TASK OBJECTIVE:
The pictures are to be omitted when the entries are reproduced exactly.

DATA:
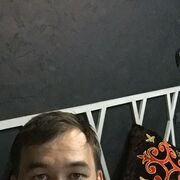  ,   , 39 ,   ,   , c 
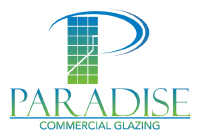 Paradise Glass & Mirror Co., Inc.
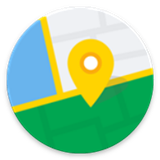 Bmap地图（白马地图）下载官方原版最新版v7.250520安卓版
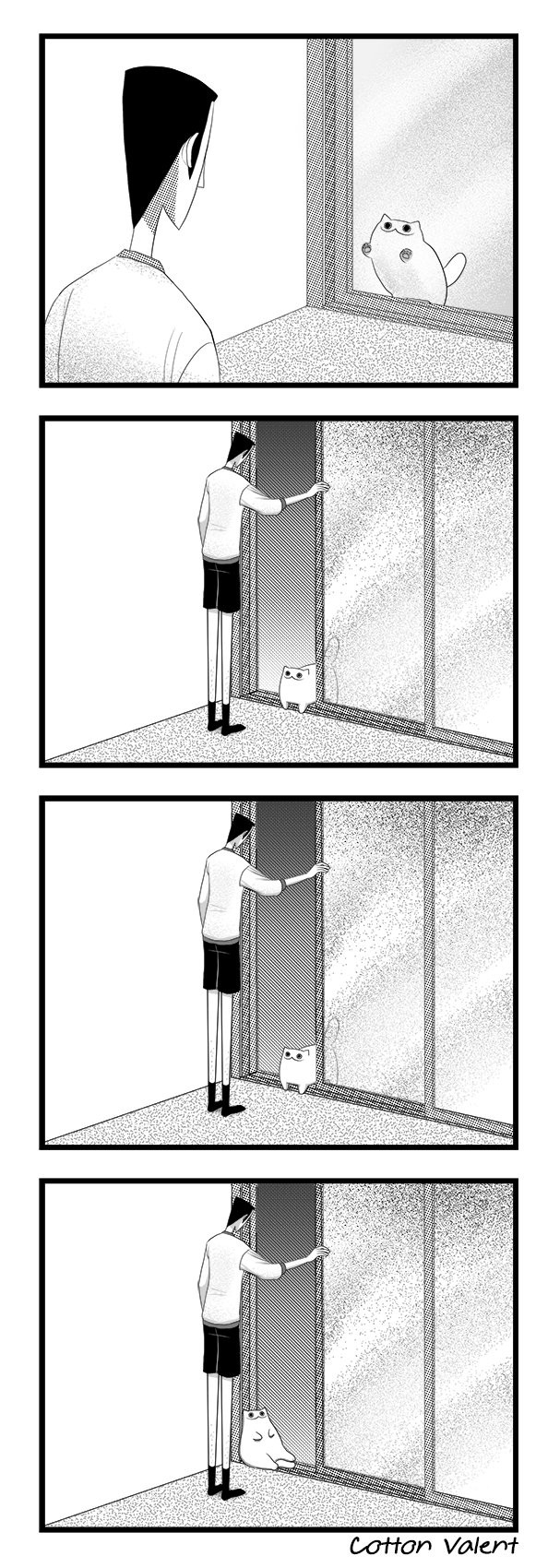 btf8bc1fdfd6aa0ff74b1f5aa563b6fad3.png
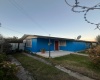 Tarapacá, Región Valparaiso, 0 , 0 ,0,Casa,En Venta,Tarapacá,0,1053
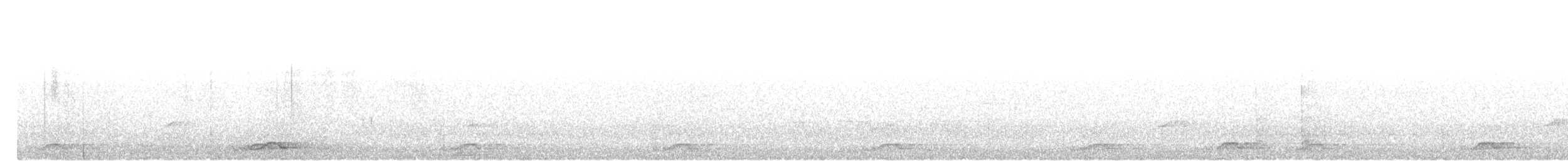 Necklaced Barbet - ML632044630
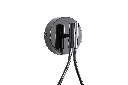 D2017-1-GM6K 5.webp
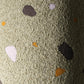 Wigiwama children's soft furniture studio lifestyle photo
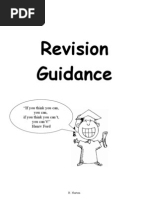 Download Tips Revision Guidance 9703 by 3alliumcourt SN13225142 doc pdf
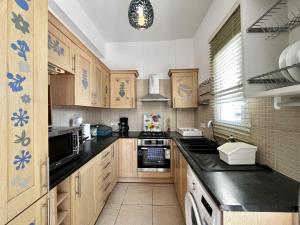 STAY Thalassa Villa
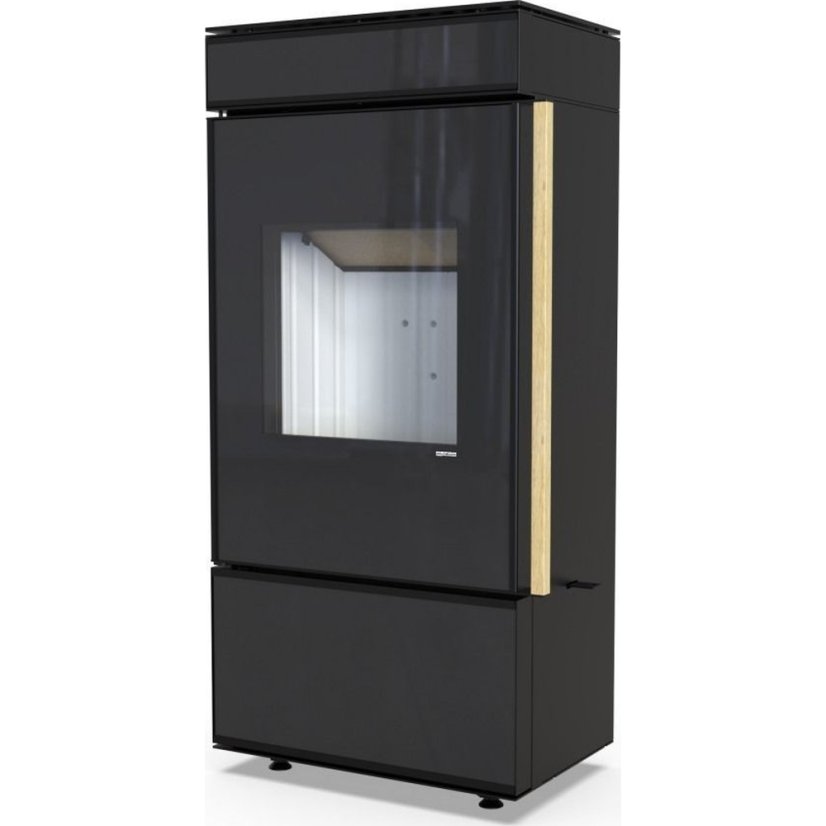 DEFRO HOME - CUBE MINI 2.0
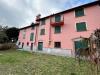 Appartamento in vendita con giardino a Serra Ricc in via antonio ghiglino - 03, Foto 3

SOLUTION TO THIS EXERCISE:
  ,   , 39 ,   ,   , c 
 Paradise Glass & Mirror Co., Inc.
 Bmap地图（白马地图）下载官方原版最新版v7.250520安卓版
 btf8bc1fdfd6aa0ff74b1f5aa563b6fad3.png
 Tarapacá, Región Valparaiso, 0 , 0 ,0,Casa,En Venta,Tarapacá,0,1053
 Necklaced Barbet - ML632044630
 D2017-1-GM6K 5.webp
 Wigiwama children's soft furniture studio lifestyle photo
 Download Tips Revision Guidance 9703 by 3alliumcourt SN13225142 doc pdf
 STAY Thalassa Villa
 DEFRO HOME - CUBE MINI 2.0
 Appartamento in vendita con giardino a Serra Ricc in via antonio ghiglino - 03, Foto 3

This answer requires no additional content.